(DATA SECTION):
════

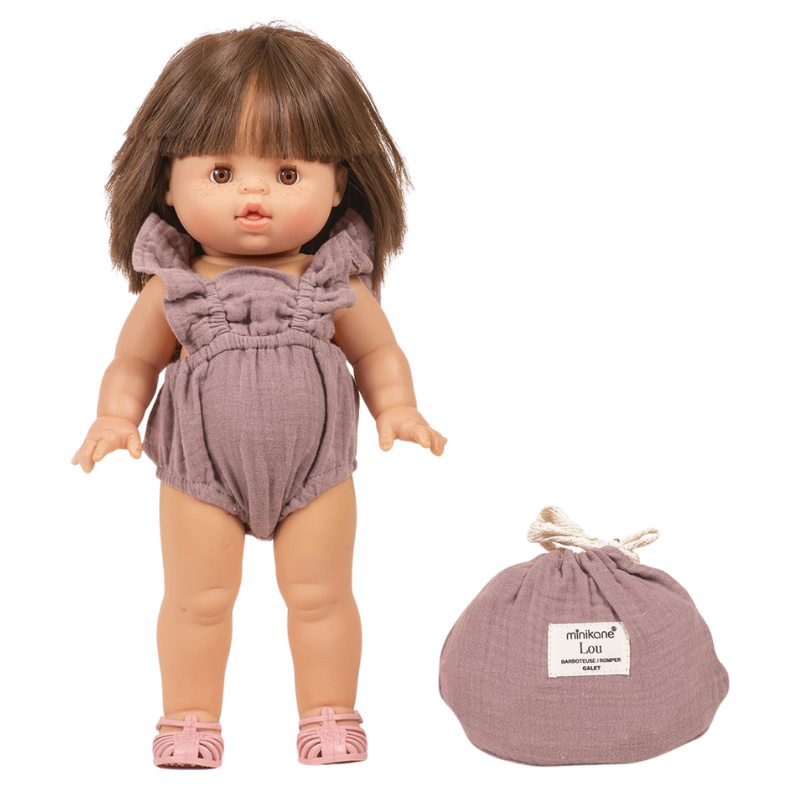 Minikane Baby Doll Lou Retro Romper with Pouch – Pebble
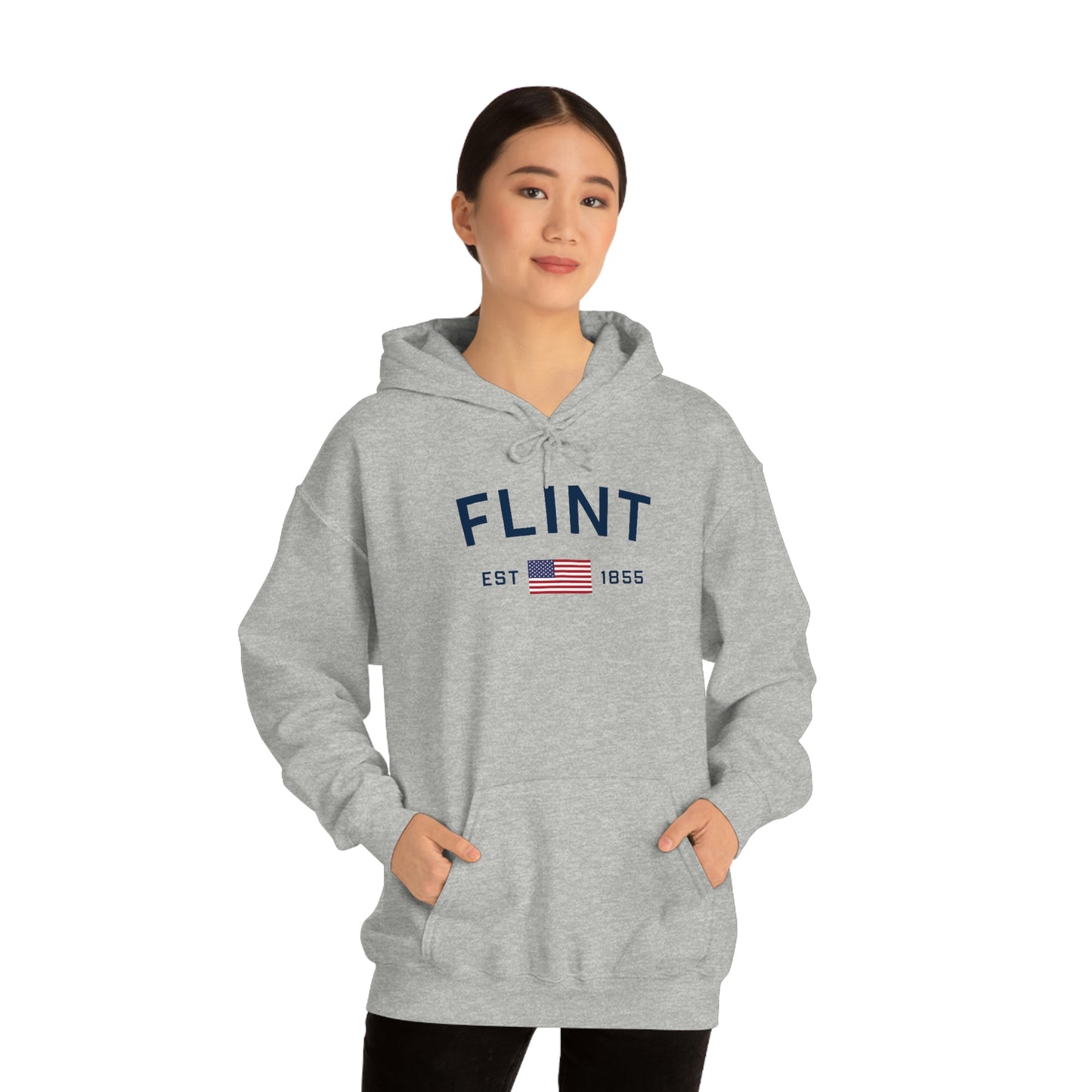 'Flint EST 1855' Hoodie (w/USA Flag Outline) | Unisex Standard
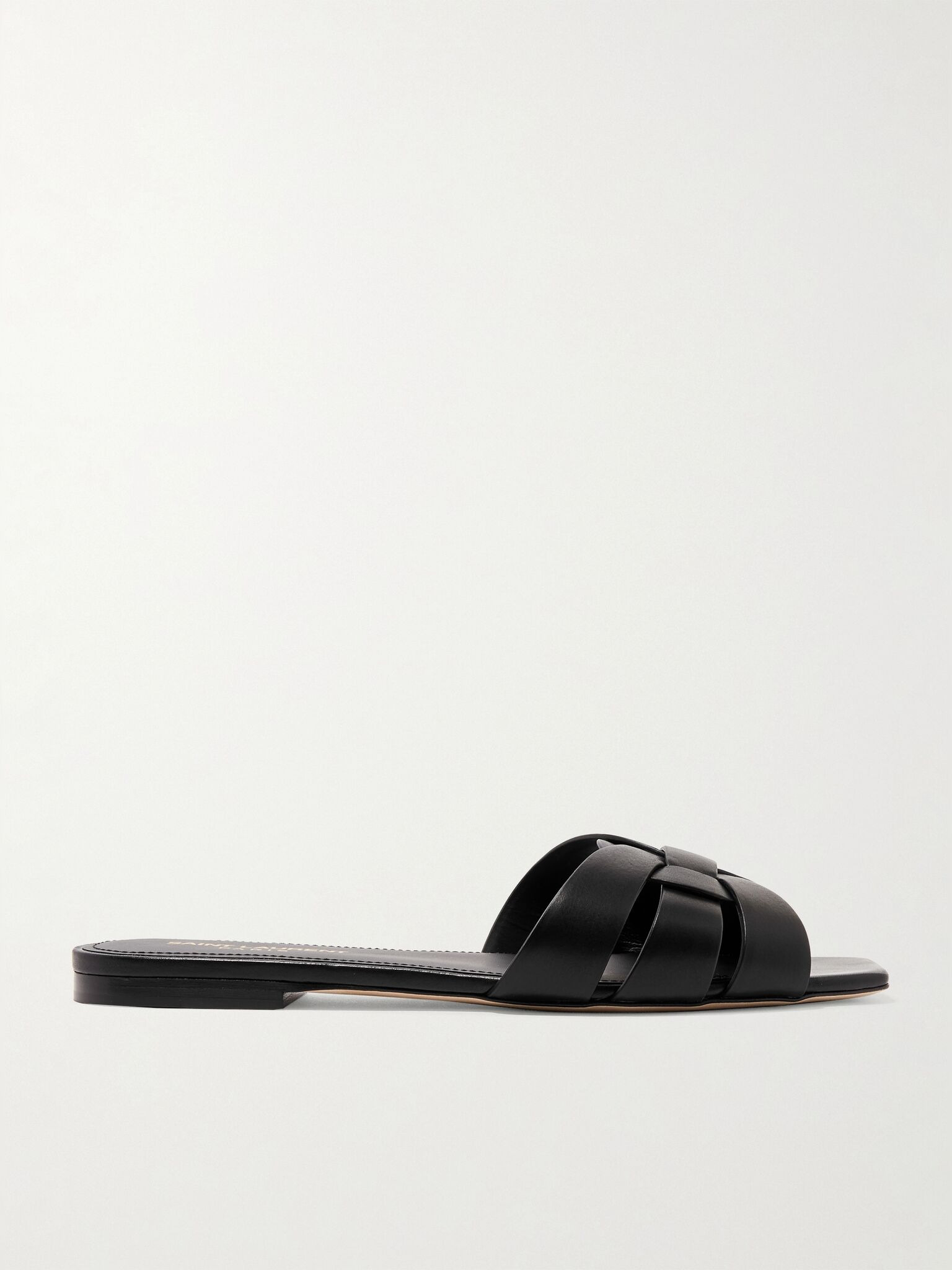 Tribute woven leather slides Black - 1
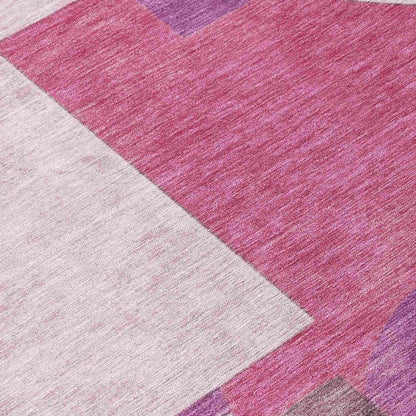 Daeel Pink Washable Indoor - Outdoor Rug - LOOMLAN - LOOMLAN Rugs - Outdoor Rugs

════

(EXERCISE DETAILS): The material above is to be set down exactly, with pictures removed.

(EXERCISE RESULT):
 Minikane Baby Doll Lou Retro Romper with Pouch – Pebble
 'Flint EST 1855' Hoodie (w/USA Flag Outline) | Unisex Standard
 Tribute woven leather slides Black - 1
 Daeel Pink Washable Indoor - Outdoor Rug - LOOMLAN - LOOMLAN Rugs - Outdoor Rugs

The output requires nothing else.